Recently, Bitansky et al. [TCC ’16B] showed that sub-exponentially-secure private-key function encryption bridges from nearly-exponential security in Minicrypt to slightly super-polynomial security in Cryptomania, and from sub-exponential security in Cryptomania to Obfustopia. Specifically, given any sub-exponentially-secure private-key functional encryption scheme and a nearly-exponentially-secure one-way function, they constructed a public-key encryption scheme with slightly super-polynomial security. Assuming, in addition, a sub-exponentially-secure public-key encryption scheme, they then constructed an indistinguishability obfuscator.
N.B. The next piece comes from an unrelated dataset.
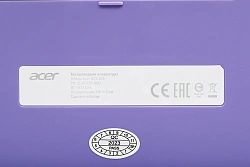 Клавиатура + мышь Acer OCC205 клав:фиолетовый мышь:фиолетовый USB беспроводная slim Multimedia (ZL.ACCEE.00D)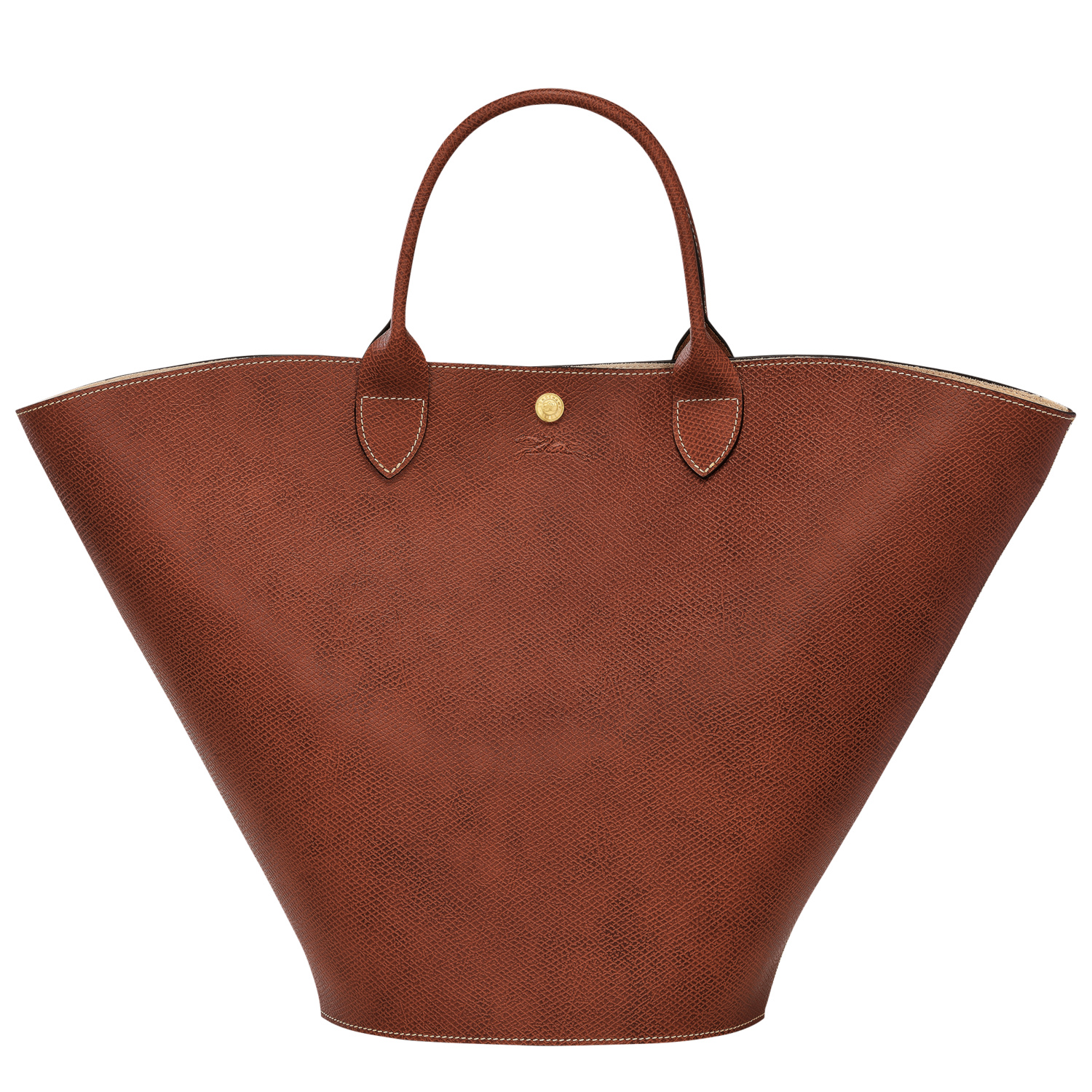 Shop Longchamp Tote Bag Xl Épure In Brown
We show that quasi-polynomially-secure private-key functional encryption bridges from sub-exponential security in Minicrypt all the way to Cryptomania. First, given any quasi-polynomially-secure private-key functional encryption scheme, we construct an indistinguishability obfuscator for circuits with inputs of poly-logarithmic length. Then, we observe that such an obfuscator can be used to instantiate many natural applications of indistinguishability obfuscation. Specifically, relying on sub-exponentially-secure one-way functions, we show that quasi-polynomially-secure private-key functional encryption implies not just public-key encryption but leads all the way to public-key functional encryption for circuits with inputs of poly-logarithmic length. Moreover, relying on sub-exponentially-secure injective one-way functions, we show that quasi-polynomially-secure private-key functional encryption implies a hard-on-average distribution over instances of a PPAD-complete problem.
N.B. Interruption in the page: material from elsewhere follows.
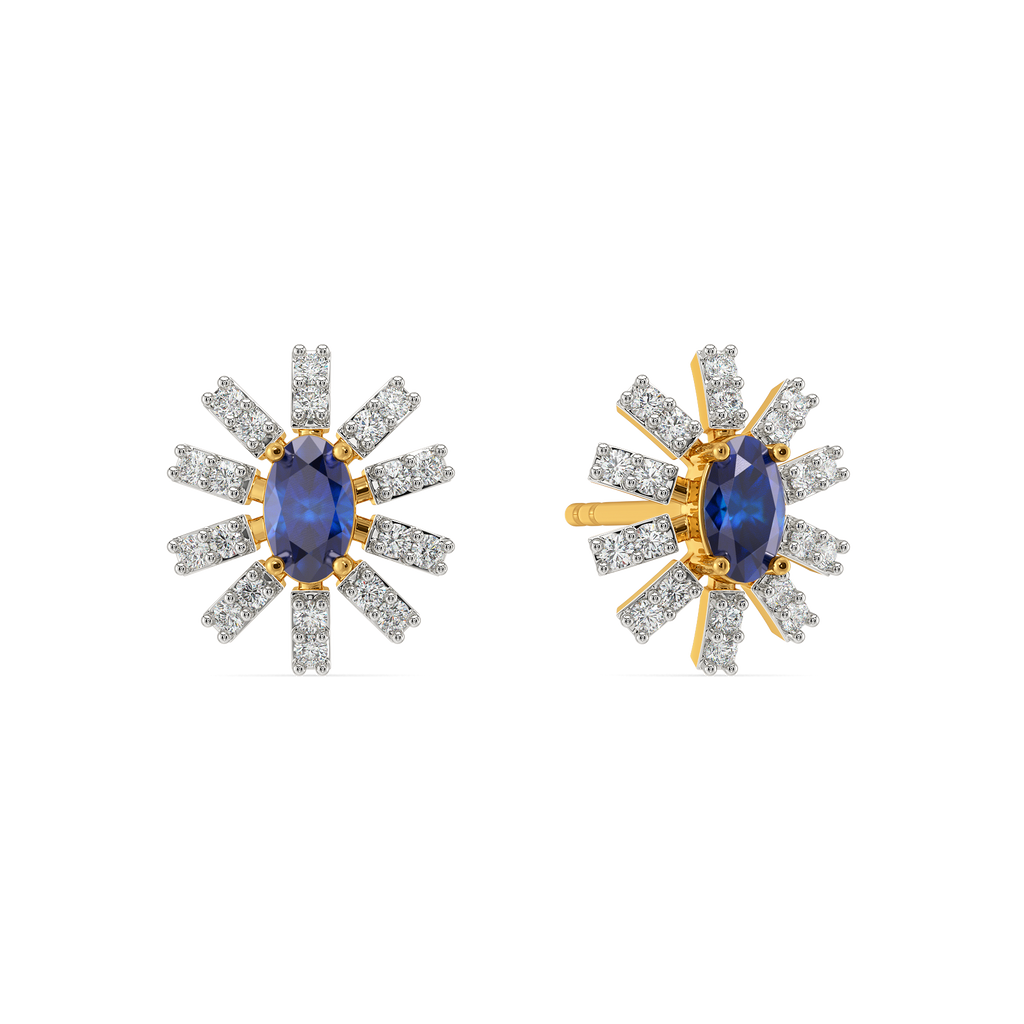 Touch of Royalty Diamond Earrings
Underlying our constructions is a new transformation from single-input functional encryption to multi-input functional encryption in the private-key setting. The previously known such transformation [Brakerski et al., EUROCRYPT ’16] required a sub-exponentially-secure single-input scheme, and obtained a scheme supporting only a slightly super-constant number of inputs. Our transformation both relaxes the underlying assumption and supports more inputs: Given any quasi-polynomially-secure single-input scheme, we obtain a scheme supporting a poly-logarithmic number of inputs.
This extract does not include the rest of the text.